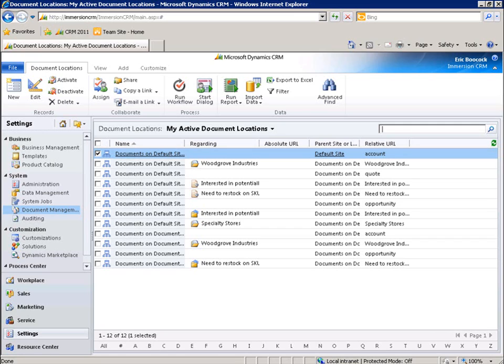This connection between the two environments encourages collaboration. Each user can share and access information from within his or her own work environment, making every insight more actionable.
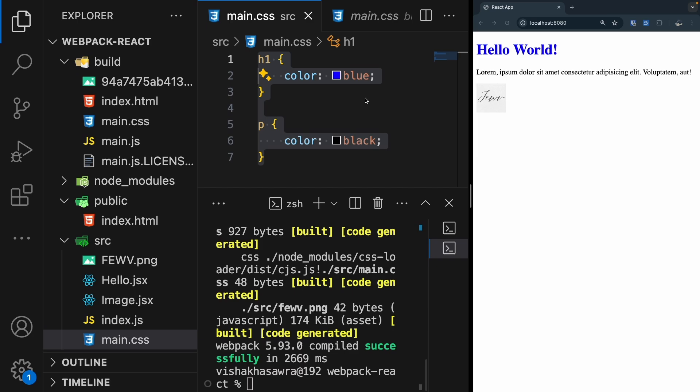And there you have it. We have set up a React project with webpack from scratch, including support for CSS, images, and a development web server. That's all for this video. I hope you enjoyed it and found it useful. If you did, please do not forget to like and subscribe. If you have any doubts, drop them in the comment section — I will be happy to help. I'll see you in the next one. Bye bye and take care.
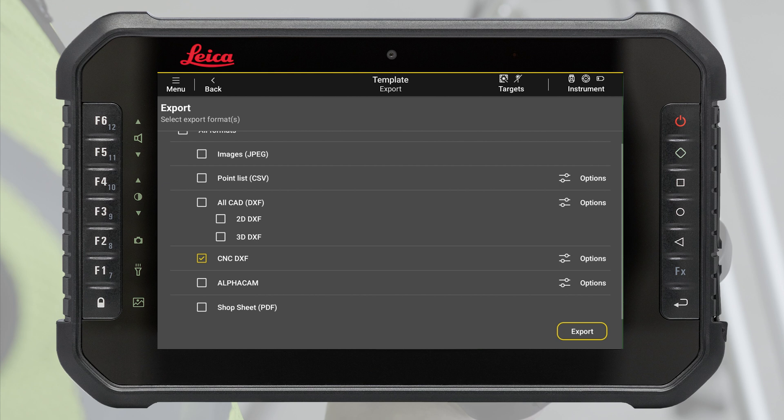You can also use the out-of-the-box AlphaCam export with a pre-installed layer set to automate the CNC machinery programming process in AlphaCam software.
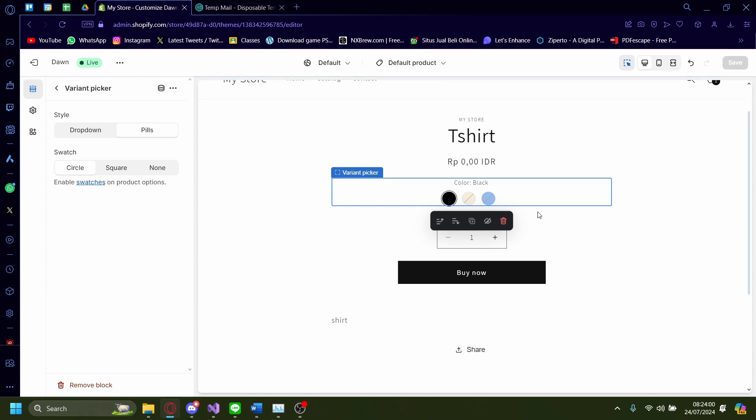But what if you want to change the color that's displayed here? So like there's black, there's peach, and there's blue, but you want to change it onto red, green, and other stuff. You change that on the product page.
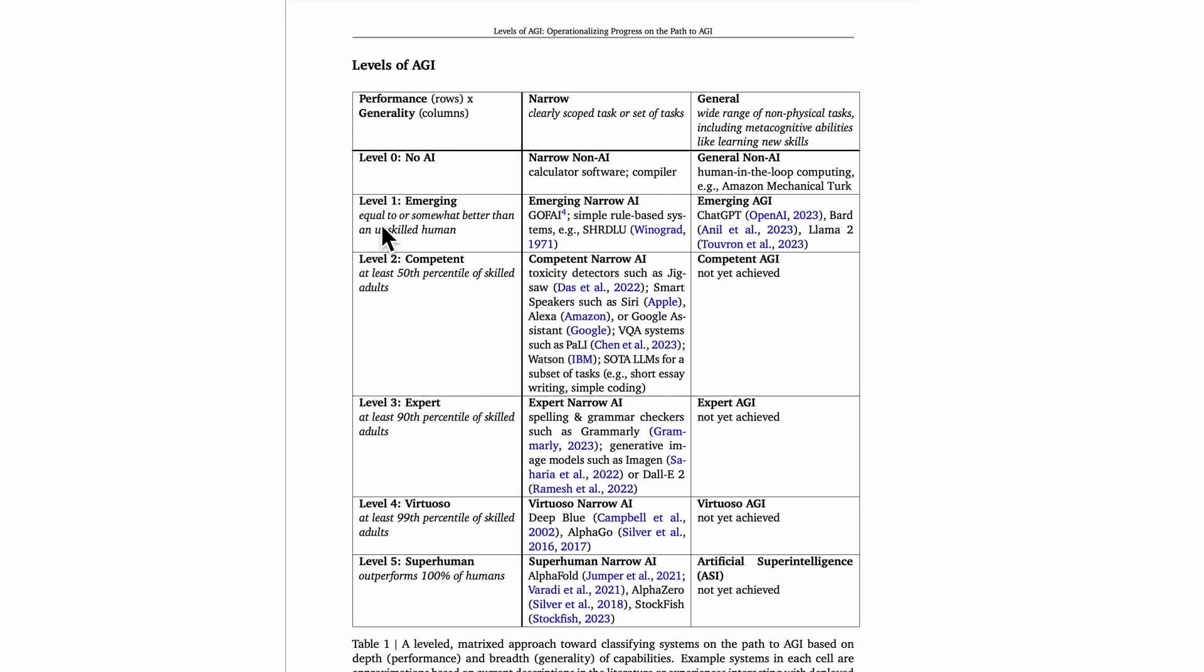Level one is where we start to actually have AI. They call level one the emerging level, and at this level, the AI system has capabilities that are equal to or somewhat better than an unskilled human.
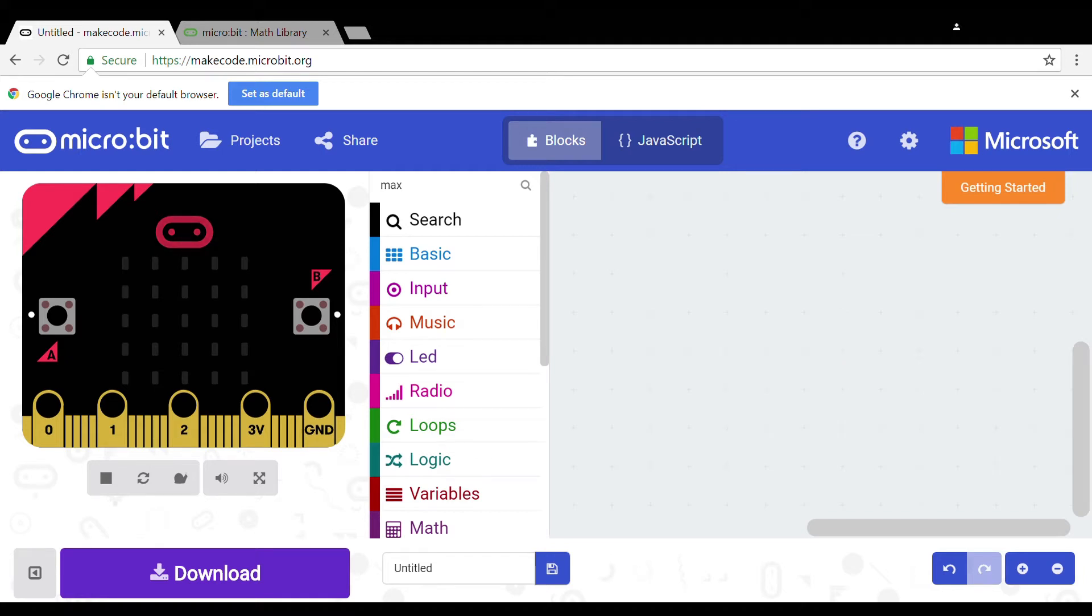Hey there and welcome back to another video. Today I'm going to be showing you how to make a fan speed up or slow down by tilting the micro:bit. For this you will need the Kitronic extension pack.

-=-=-

▶ _Problem details_:
Your copy should hold all the data word for word. It should hold no pictures.

▶ _Response_:
This connection between the two environments encourages collaboration. Each user can share and access information from within his or her own work environment, making every insight more actionable.
And there you have it. We have set up a React project with webpack from scratch, including support for CSS, images, and a development web server. That's all for this video. I hope you enjoyed it and found it useful. If you did, please do not forget to like and subscribe. If you have any doubts, drop them in the comment section — I will be happy to help. I'll see you in the next one. Bye bye and take care.
You can also use the out-of-the-box AlphaCam export with a pre-installed layer set to automate the CNC machinery programming process in AlphaCam software.
But what if you want to change the color that's displayed here? So like there's black, there's peach, and there's blue, but you want to change it onto red, green, and other stuff. You change that on the product page.
Level one is where we start to actually have AI. They call level one the emerging level, and at this level, the AI system has capabilities that are equal to or somewhat better than an unskilled human.
Hey there and welcome back to another video. Today I'm going to be showing you how to make a fan speed up or slow down by tilting the micro:bit. For this you will need the Kitronic extension pack.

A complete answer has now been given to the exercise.